Proteins: Proteins are the main building blocks in animal and human systems. Proteins are made up of amino acids. The structure of proteins can be very complex; they can contain primary, secondary, and tertiary structures in the same molecule. The amino group of one amino acid molecule is linked to the acid group of a second molecule of the same or different amino acid by peptide bonds. The final structure of the protein is determined by the way hydrogen bonds connect the polypeptide (multiple amino acids bonded together) chains.

Amino acids: Amino acids are referred to as the building blocks of proteins. They are small organic molecules that contain an amino group (-NH2) and a carboxylic group (-COOH) on an adjacent carbon. Only 20 different amino acids occur in normal animal life and all proteins are polymers of these amino acids. Only 10 of these amino acids are manufactured by the body. The remaining amino acids come from the food we eat. Since amino acids are chiral compounds, only one enantiomer (the L isomer) is used to form proteins.

Chiral Compounds: When a carbon atom has a different substituent at each of its four bonds, then that compound is termed chiral. The general formula for amino acids is

General structural formula of an amino acid

The term chiral means handedness. These compounds are either right- or left-handed mirror images of one another and cannot be superimposed on each other.

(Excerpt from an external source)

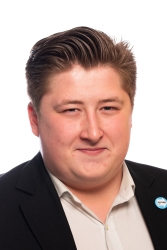 Photo of Cameron Anderson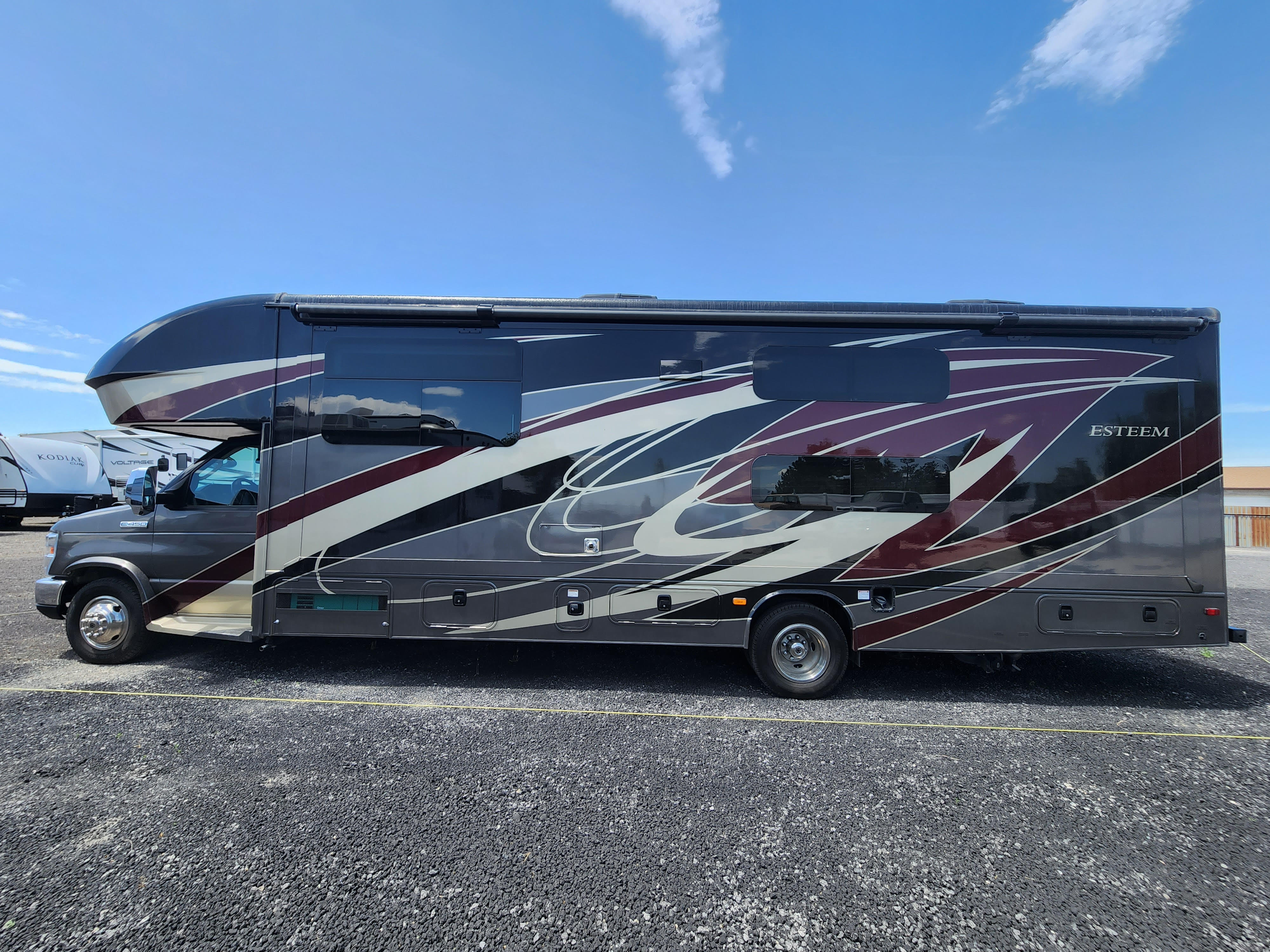2019 Esteem Series 31F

Enantiomer: Enantiomers are the mirror images of a single chiral compound; enantiomers are not superimposable on each other. Their physical properties will be the same, but they are optically discernible and will behave differently in the presence of other chiral molecules.

Diastereomer: Diastereomers are chiral compounds with more than one chiral center that are not mirror images of one another. These pairs of compounds have neither identical physical nor identical optical properties.

Structure of Proteins

  • Primary Structure  The primary structure of a protein is the sequence of amino acids along the protein chain.
  • Secondary Structure  The secondary structure describes how segments of the protein chain are folded. Some common secondary structures are α–helix, β-sheet, β-turn, γ-turn, etc.
  • Tertiary Structure  The tertiary structure describes the overall shape of the molecule. Proteins are large molecules, often containing hundreds of amino acids and they bend and fold to fit a given space. For instance, myoglobin (see Fig. 10.1) is a globular protein.
  • Quaternary Structure  The quaternary structure is the assembly of individual molecules (monomers or subunits) into a larger complex.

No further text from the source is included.